Strengths & Weaknesses of the Collection

The Library has research level collections in Caribbean and Brazilian Studies. Well represented are also Ethiopia and the Republic of South Africa. For the rest of sub-Saharan Africa and in African American Studies, the Library has a study collection level. A weakness of the collection is Francophone Africa and Francophone Caribbean.

In December 1995, New York University Libraries purchased the collection of the University Place Bookshop which consisted of over 40,000 titles in 80,000 volumes most of which are Africana materials.

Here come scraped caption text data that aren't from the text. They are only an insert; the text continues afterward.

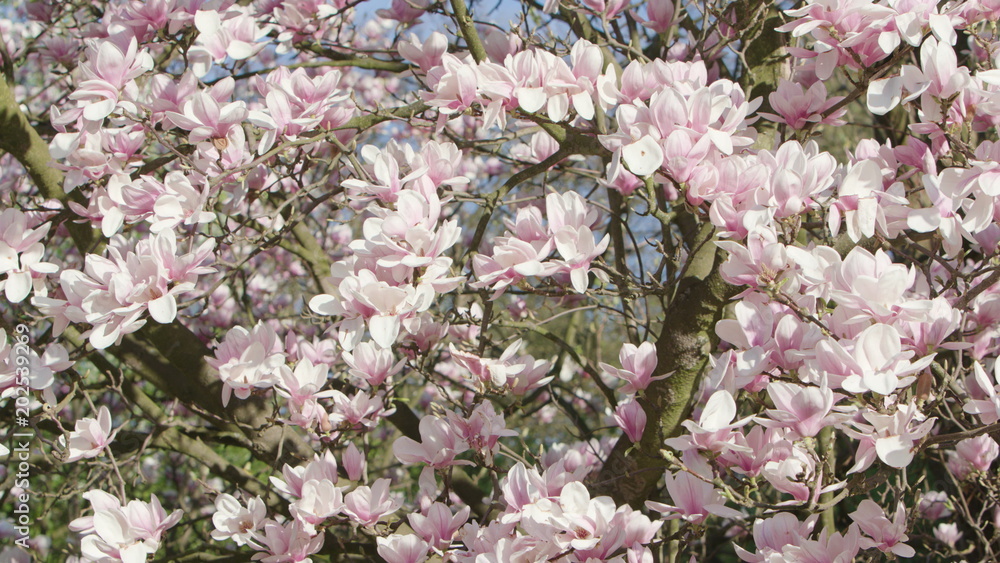 Fototapeta premium Tree branches in blossom. Close-up shot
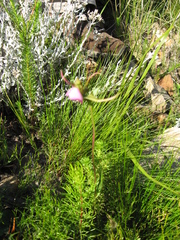 Disperis capensis capensis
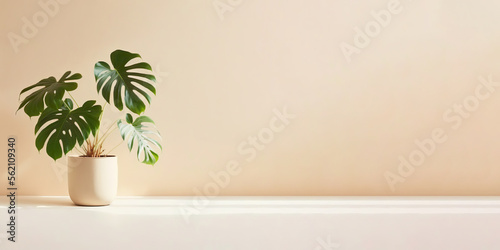 Monstera deliciousa in pot aesthetic decor. Beige wall background. Front view place for text, copy space, empty space. Generative AI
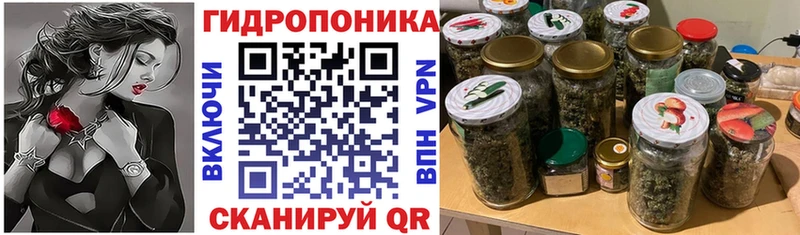 Конопля OG Kush  OMG зеркало  площадка состав  Кузнецк 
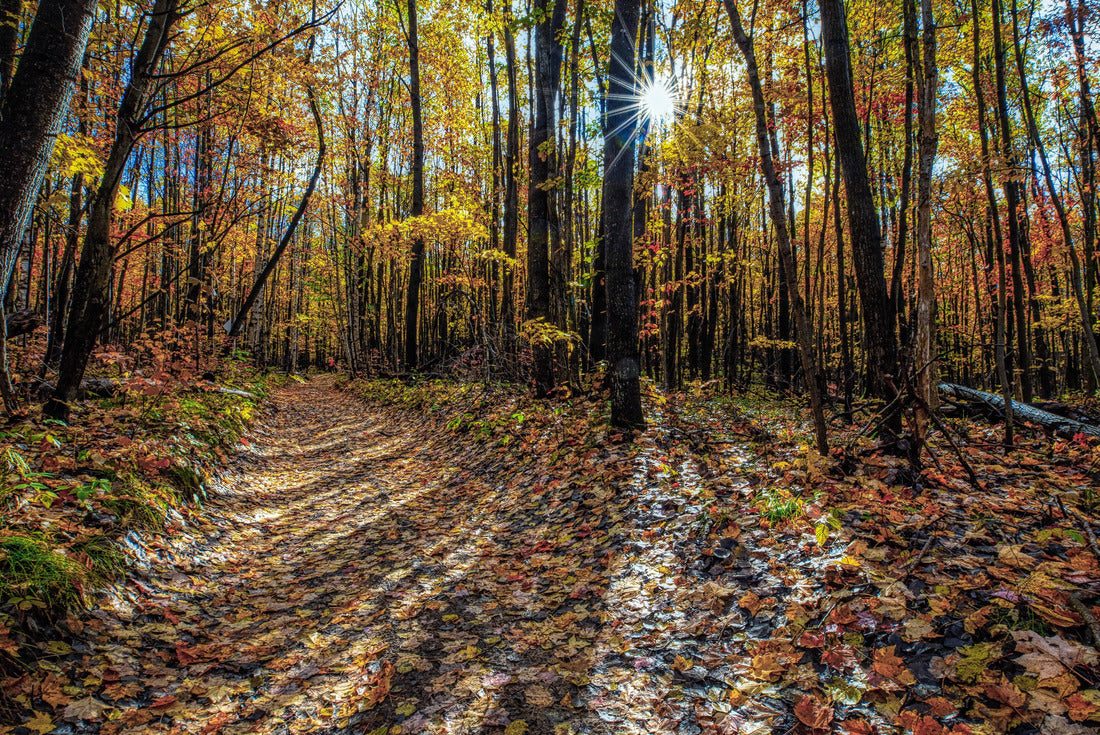Shadows of trees in Roscommon Michigan forest mid-morning in fall 2000pc Puzzle
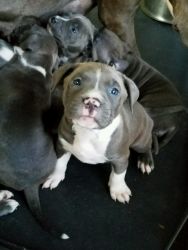 Blue Nose Pitbull Pups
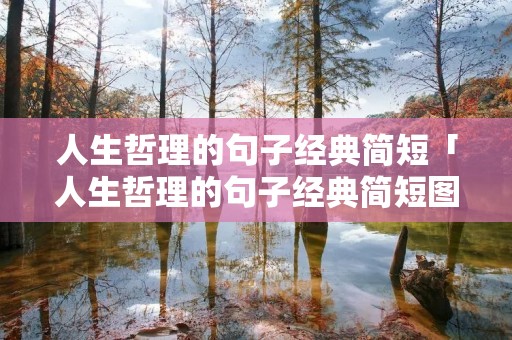 人生哲理的句子经典简短「人生哲理的句子经典简短图片」
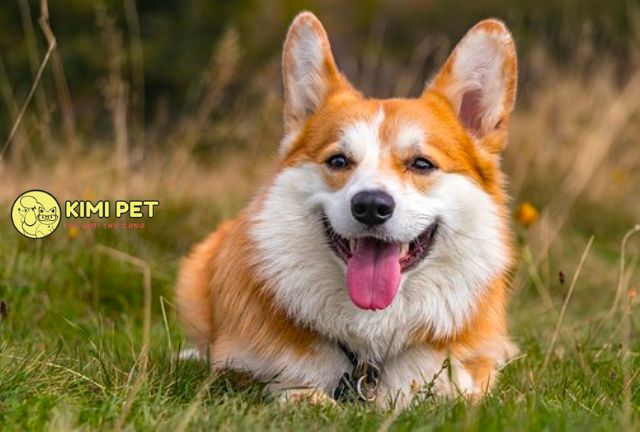 Chó Corgi Mông Trái Tim: Đặc Điểm, Tính Cách Và Cách Chăm Sóc Tuyệt Vời Những điều cần biết khi nuôi chó Corgi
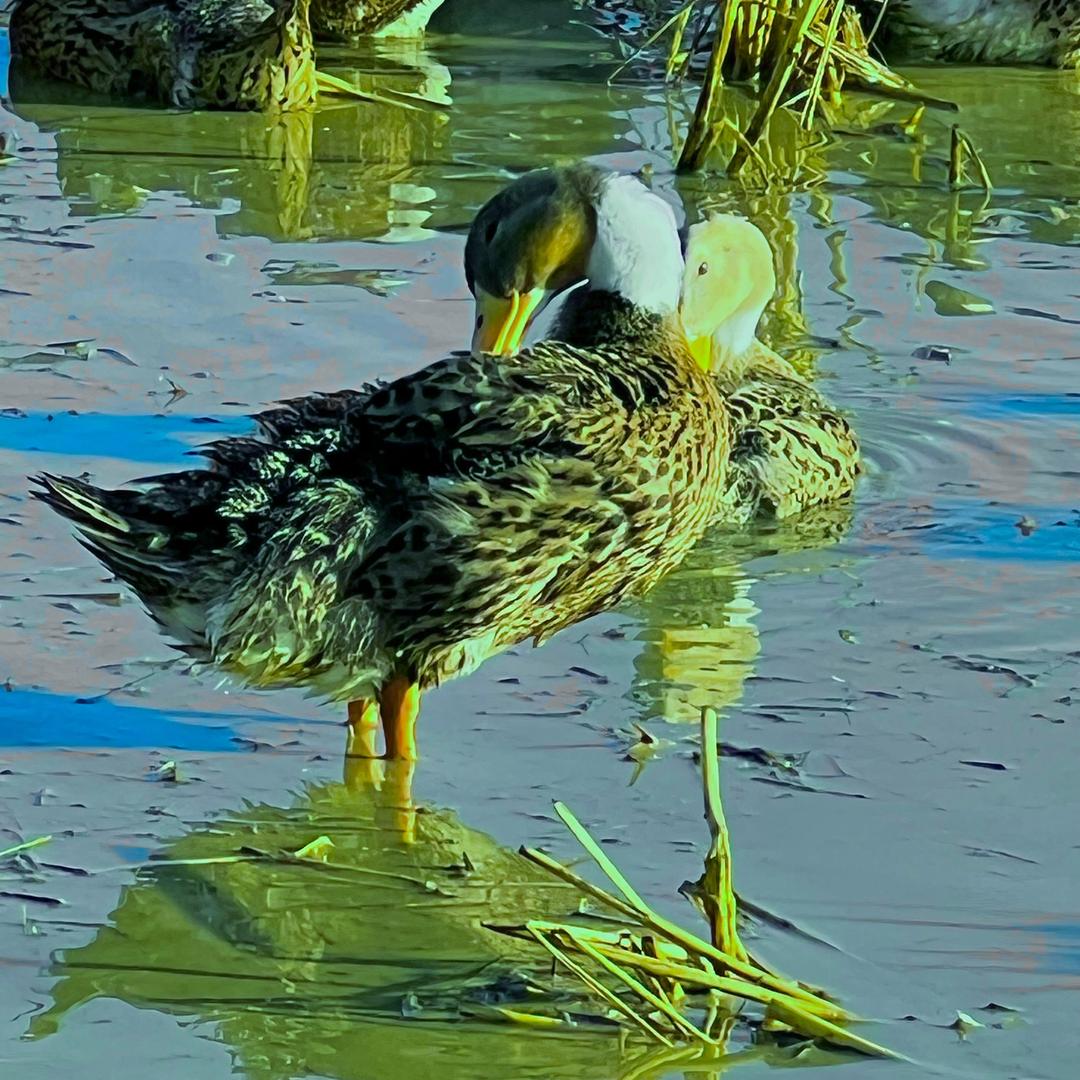 上好鸭一农村优选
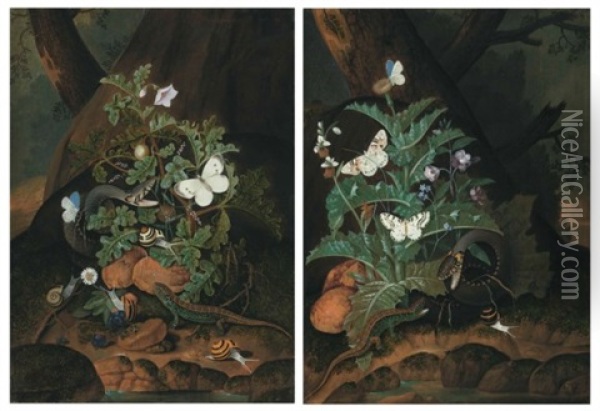 Two Forest Floors With A Snake, Lizard, Butterflies And Snails Amongst Weeds On A Riverbank Oil Painting - Johann Falch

These books, periodicals and pamphlets cover a wide range of subjects related to sub-Saharan African, African American, and Caribbean cultures, including literature, art, history, politics, economics, religion, aand sociology. There are also extensive materials on slavery. Since many of the items are long out-of-print, the acquisition of this collection has strenghtened the retrospective collection of Africana at the Library considerably.

The Africana collection also includes microforms in the following subjects: Black literature, 1827-1940; the slave trade, 1858-1892; slavery in ante-bellum southern industries; slavery source materials, and state slavery slavery statutes, 1789-1865.

Another strength of the collection lies in motion pictures from sub-Saharan Africa and the diaspora.

The Africana music collection is especially strong in jazz and Brazilian as well as Caribbean music.

The Fales Collection has a relatively small collection of African American periodicals and monographs which are shelved along with the rest of Fales books. It also houses separately a collection of African American Avantgarde poems, anthologies and minstrels materials.

Other Resources

There are two major Africana collections in New York City: 1. The Schomburg Center for Research in Black Culture and 2. Columbia University Libraries.

Schomburg's collections include art objects, books, manuscripts, periodicals, newspapers, photographs, prints, recorded music, and sheet music. The printed text holdings are especially strong in African, Caribbean and African American literature as well as in the history of the Americas and the New York metropolitan area. Other foci of the collection are texts on Harlem and Blacks in the performing arts. The Manuscripts, Archives and Rare Books Division of Schomburg is strongest for the 20th century in the fields of the performing arts, Harlem, African American writers, women, civil rights organizations, historians, scholars, radical political movements, religion, and 18th and 19th century Haitian history. The Moving Image and Recorded Sound Division holds a strong collection of African American, Caribbean and African popular and traditional music genres, early jazz and tap dance film footage, and public afairs television broadcasts. The Photographs and Prints Division is strongest in the areas of slavery, Civil War, 19th-century Caribbean and South America, performing and visual arts, modern civil rights movements, religion, military, Harlem, migrant and rural farmers, writers and artists from the Harlem Renaissance period, civic and political leaders worldwide, sports figures and performing artists.

Geographically, Columbia's African collections emphasize Botswana, Lesotho, Swaziland and Zimbabwe as part of a Reasearch Libraries Group assignment. In general, the following subjects are given special consideration: the arts, economic development, geography, history, law, literature, political science, sociology, and anthropology. Some materials in African languages and Arabic are included.

The Rare Books and Manuscripts Library contains about two hundred books on Africa. It also holds a Slavery Collection, the Frederick William Holls (1857-1903) papers which relate partly to the South African War, the Sir Henry Rider Haggard (1856-1925), British imperial official in South Africa and novelist) materials, and the Whitney M. Young, Jr. papers (American civil rights leader).